Also: Hinausgehend über die Kontrolle und Beherrschung der Ströme der drei erstgenannten Seemächte gelten für die Vereinigten Staaten heute: Das Militär – zu Boden, zur See, in der Luft und im Raum –, die Finanzindustrie, die Informationstechnologie und die Geheimdienste. Diese Beherrschung ist die Voraussetzung für die bisherige Wohlstandssicherung des Imperiums. Das wird in den Beraternetzwerken des US-Imperiums vollumfänglich verstanden: Die Kontrolle der Ströme führt zur Beherrschung des Territoriums und der Einflusszone.

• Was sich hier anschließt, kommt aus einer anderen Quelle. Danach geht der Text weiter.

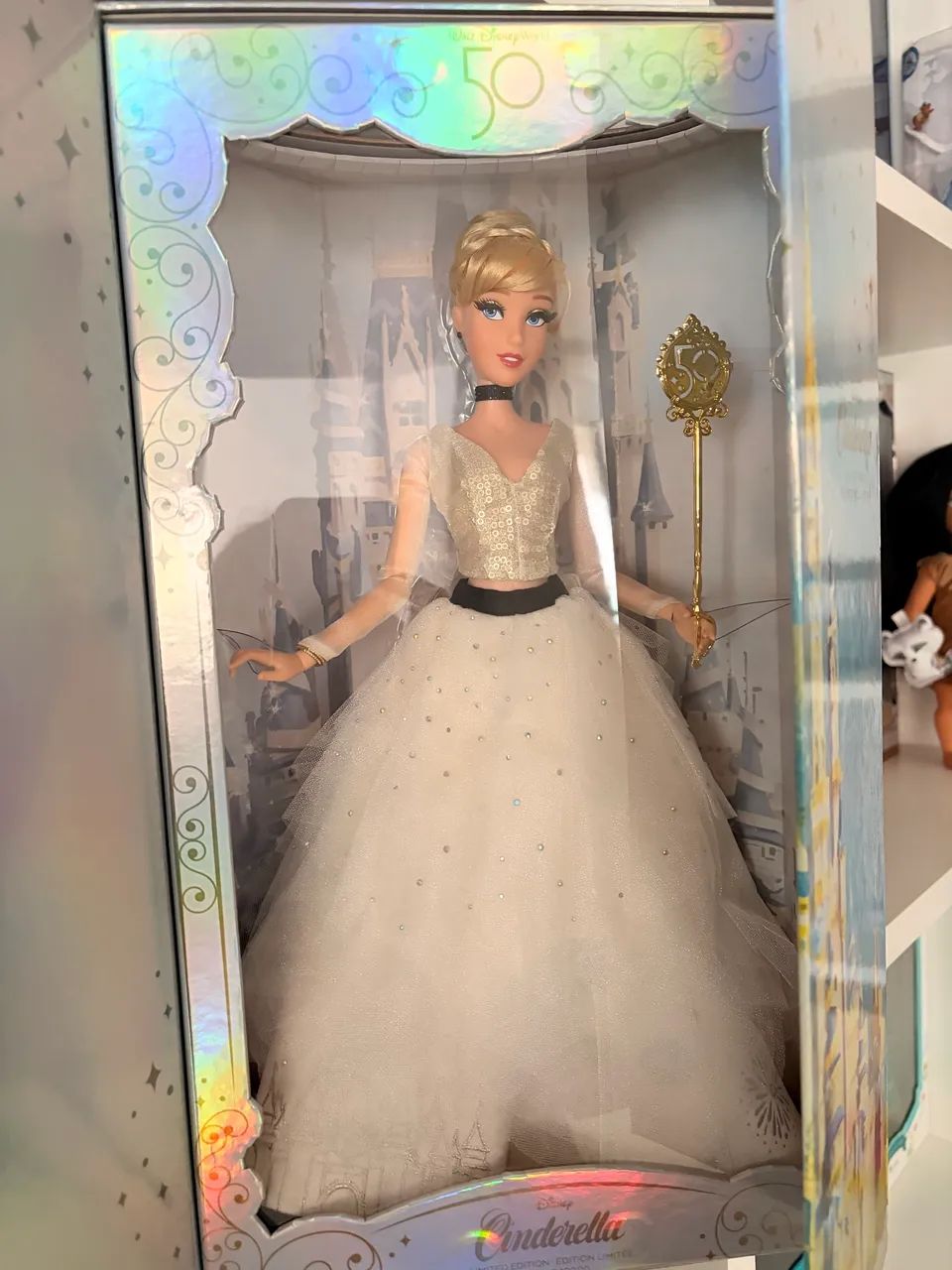 Boneca limitada disney Cinderela  - Foto 2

Die Seereiche der Venezianer, der Holländer, der Portugiesen und der Briten besaßen eine territoriale Grundlage. Da sie zum Teil aus kleinen, unscheinbaren Territorien bestanden, hätten sie in Konkurrenz mit den großen Landmächten ohne die hinzukommenden (Handels-)Flotten nur geringe Möglichkeiten der Entwicklung gehabt.
In der Gesamtschau gilt: Auf die Reiche an den großen Flüssen am Nil (Ägypten), an Euphrat und Tigris (Mesopotamien), am Jangtse und Gelben Fluss (China) folgten die, die sich um Binnenmeere bilden, das Römische Reich (Mittelmeer), Venedig (Adria), Schweden (Ostsee). Die Seemächte der Neuzeit breiten sich alle ozeanisch aus – sie hatten bestehende Ordnungen überwunden, indem sie territoriale Begrenzungen hinter sich ließen.
Wegen der Bedrohung aus dem Norden wurden die chinesischen Hauptstadtfunktionen schrittweise von 1420-1421 von Nanjing nach Peking verlegt – es ging um die Wahrung der Reichseinheit. Die auftretenden Kosten erzwangen die 'Seeverbotspolitik' von China vom Jahr 1434 bis zum Ende des 16.Jh. Der chinesische Rückzug von den Meeren hat den Aufstieg der europäischen Seemächte mit ihren Prosperitätsgewinnen sehr gefördert.
China ist wie z. B. Persien (Iran) auch, kein Imperium, wohl aber eine
Kontinentalmacht.
Ich denke, dass China gegenwärtig den Wandel von einem Reich zu einer imperialen Ordnung, für die die debitistischen Zwänge gelten, vollzieht. Neben der bestehenden ozeanischen Orientierung des Südens wird die Neue Seidenstraße im Norden das Imperium stärken – gleichzeitig werden die Unterschiede zwischen den chinesischen Provinzen gemildert.
Es gilt halt der Satz: "Denn es geht immer weiter bzw. wieder von vorne los. Die Märkte in Mumbai und Shanghai lösen New York und Chicago ab – wie diese London abgelöst hatten und London Brügge und Brügge Venedig.", den Paul C. Martin am 06.08.2007 in
http://www.dasgelbeforum.net/ewf2000/forum_entry.php?id=386213
formuliert hat. Die Frage UND DANN? bedeutet: Wo sitzen die Schuldenverwalter?
Meine Interpretation der Dinge, die ich schon vor zweieinhalb Jahren ausgehend von Herfried Münkler formuliert hatte, sind von @Ashitaka auf der Grundlage des Werkes von Paul C. Martin und der Simulationstheorie von Jean Baudrillard in
http://www.dasgelbeforum.net/forum_entry.php?id=379074
einer kritischen Analyse unterzogen und wesentlich erweitert worden.